The code generator is based on the assumption that the instruction selector will use an optimal pattern matching selector to create high-quality sequences of native code. Alternative code generator designs based on pattern expansion and aggressive iterative peephole optimization are much slower. This design is designed to permit efficient compilation (important for JIT environments) and aggressive optimization (used when generate code offline) by allowing components of varying levels of sophisication to be used for any step of compilation.

In addition to these stages, target implementations can insert arbitrary target-specific passes into the flow. For example, the X86 target uses a special pass to handle the 80x87 floating point stack architecture. Other targets with unusual requirements can be supported with custom passes as needed.
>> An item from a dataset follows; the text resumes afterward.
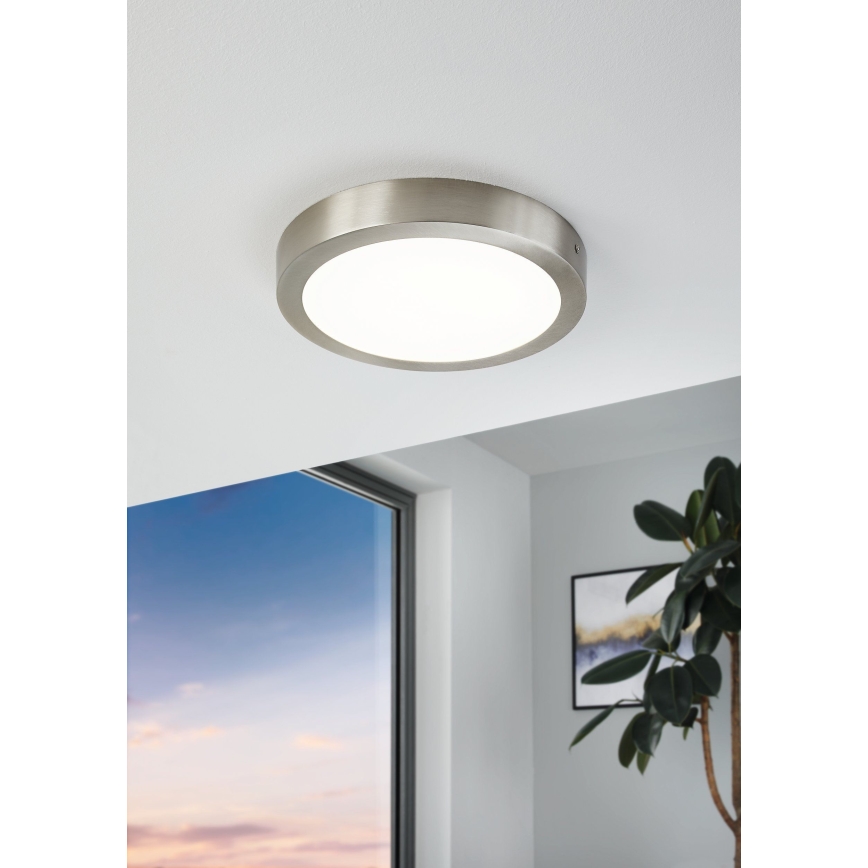 Eglo 32443 - Plafonieră LED FUEVA 1 LED/24W/230V diam. 30 cm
The target description classes require a detailed descriptions of the target architecture. These target descriptions often have a large amount of common information (e.g., an add instruction is almost identical to a sub instruction). In order to allow the maximum amount of commonality to be factored out, the LLVM code generator uses the TableGen tool to allow

The LLVM target description classes (which are located in the include/llvm/Target directory) provide an abstract description of the target machine, independent of any particular client. These classes are designed to capture the abstract properties of the target (such as what instruction and registers it has), and do not incorporate any particular pieces of code generation algorithms (these interfaces do not take interference graphs as inputs or other algorithm-specific data structures).

All of the target description classes (except the TargetData class) are designed to be subclassed by the concrete target implementation, and have virtual methods implemented. To get to these implementations, TargetMachine class provides accessors that should be implemented by the target.
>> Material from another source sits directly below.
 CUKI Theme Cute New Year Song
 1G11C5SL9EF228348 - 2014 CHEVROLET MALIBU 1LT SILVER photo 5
The TargetMachine class provides virtual methods that are used to access the target-specific implementations of the various target description classes (with the getInstrInfo, getRegisterInfo, getFrameInfo, ... methods). This class is designed to be subclassed by a concrete target implementation (e.g., X86TargetMachine) which implements the various virtual methods. The only required target description class is the TargetData class, but if the code generator components are to be used, the other interfaces should be implemented as well.
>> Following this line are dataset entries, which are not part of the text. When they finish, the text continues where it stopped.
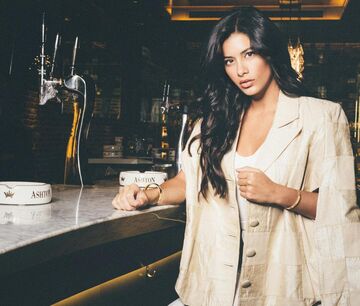 Janine Cascio — hair model in NY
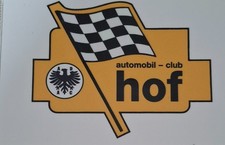 Werbe - Aufkleber - ADAC Logo
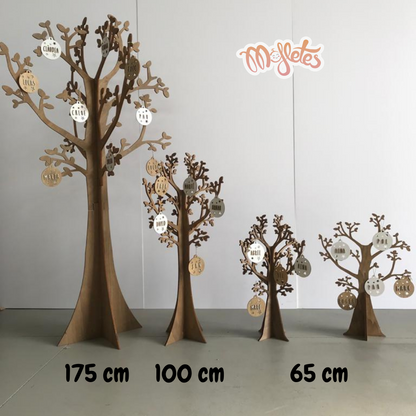 Árbol Genealógico 100 cm 100% Madera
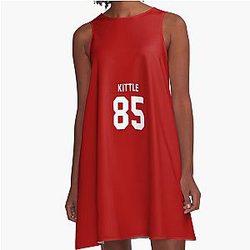 George Kittle A-Line dress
The TargetData class is the only required target description class, and it is the only class that is not extensible (it cannot be derived from). It specifies information about how the target lays out memory for structures, the alignment requirements for various data types, the size of pointers in the target, and whether the target is little- or big-endian.

The MRegisterInfo class (which will eventually be renamed to TargetRegisterInfo) is used to describe the register file of the target and any interactions between the registers.

Registers in the code generator are represented in the code generator by unsigned numbers. Physical registers (those that actually exist in the target description) are unique small numbers, and virtual registers are generally large.

Each register in the processor description has an associated MRegisterDesc entry, which provides a textual name for the register (used for assembly output and debugging dumps), a set of aliases (used to indicate that one register overlaps with another), and some flag bits.

In addition to the per-register description, the MRegisterInfo class exposes a set of processor specific register classes (instances of the TargetRegisterClass class). Each register class contains sets of registers that have the same properties (for example, they are all 32-bit integer registers). Each SSA virtual register created by the instruction selector has an associated register class. When the register allocator runs, it replaces virtual registers with a physical register in the set.

The target-specific implementations of these classes is auto-generated from a TableGen description of the register file.